Data records

§

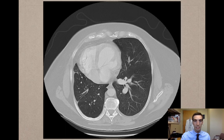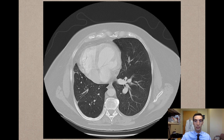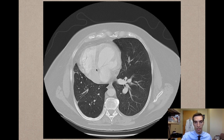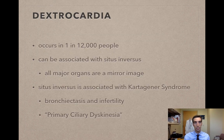Looking at the CT scan of this patient, you want to imagine yourself standing at the patient's feet and looking up towards their head. You can see that on the right side of the chest wall is the heart, and this is not normal. Another view confirms that the heart is on the right side of the chest — so we would call that dextrocardia.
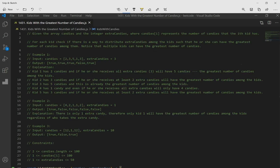We're going to go over LeetCode 1431: Kids with the Greatest Number of Candies. The question says, given the array of candies and the integer extra candies, where candies at index i represents the number of candies that the i-th kid has.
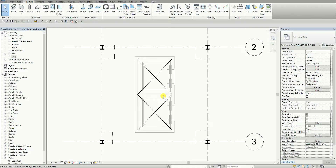What's up guys? This is Richard again for this edition of Learning with Rich. For today's lesson, I'm going to show you a quick way on how to create an elevator pit. In this exercise, I'm going to create an elevator pit using structural walls and a slab. This is a very quick exercise, so hopefully you learned something from this video. Let's get started.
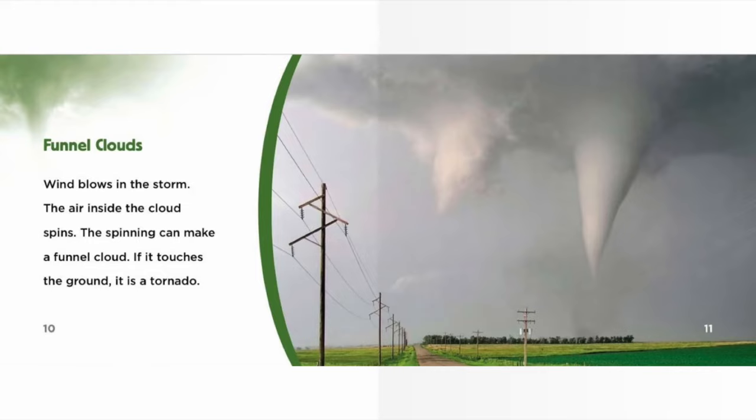Wind blows in the storm and the air inside the cloud spins. The spinning can make a funnel cloud. If it touches the ground, it is a tornado.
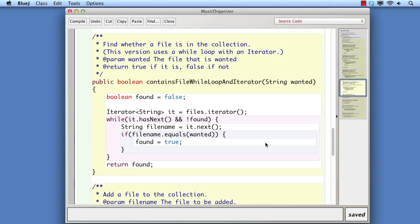In summary, we have at least four choices for the way we approach basic iteration over a collection of objects: for-each, for, while with an integer index variable, and while with an iterator. The choice can often be simplified by deciding whether we definitely need to iterate over the whole collection, or might stop partway through. In general, we try to avoid breaking out of the body of a for-each loop or for loop. An iterator is particularly useful where a collection is not naturally accessed via integer index values, or where items are to be removed from it.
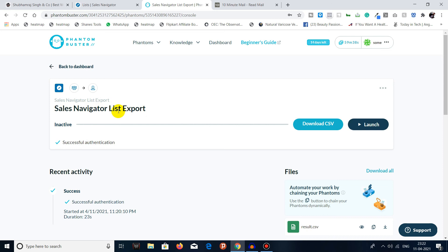I hope you can now export lists from Sales Navigator. In the next video, I will cover how you can export Sales Navigator search results. I hope you liked this video — make sure to like, share, subscribe, and comment. Take care, bye-bye.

§

Required work
With the pictures omitted, reproduce the records in full and exactly.

Exercise result
Looking at the CT scan of this patient, you want to imagine yourself standing at the patient's feet and looking up towards their head. You can see that on the right side of the chest wall is the heart, and this is not normal. Another view confirms that the heart is on the right side of the chest — so we would call that dextrocardia.
We're going to go over LeetCode 1431: Kids with the Greatest Number of Candies. The question says, given the array of candies and the integer extra candies, where candies at index i represents the number of candies that the i-th kid has.
What's up guys? This is Richard again for this edition of Learning with Rich. For today's lesson, I'm going to show you a quick way on how to create an elevator pit. In this exercise, I'm going to create an elevator pit using structural walls and a slab. This is a very quick exercise, so hopefully you learned something from this video. Let's get started.
Wind blows in the storm and the air inside the cloud spins. The spinning can make a funnel cloud. If it touches the ground, it is a tornado.
In summary, we have at least four choices for the way we approach basic iteration over a collection of objects: for-each, for, while with an integer index variable, and while with an iterator. The choice can often be simplified by deciding whether we definitely need to iterate over the whole collection, or might stop partway through. In general, we try to avoid breaking out of the body of a for-each loop or for loop. An iterator is particularly useful where a collection is not naturally accessed via integer index values, or where items are to be removed from it.
I hope you can now export lists from Sales Navigator. In the next video, I will cover how you can export Sales Navigator search results. I hope you liked this video — make sure to like, share, subscribe, and comment. Take care, bye-bye.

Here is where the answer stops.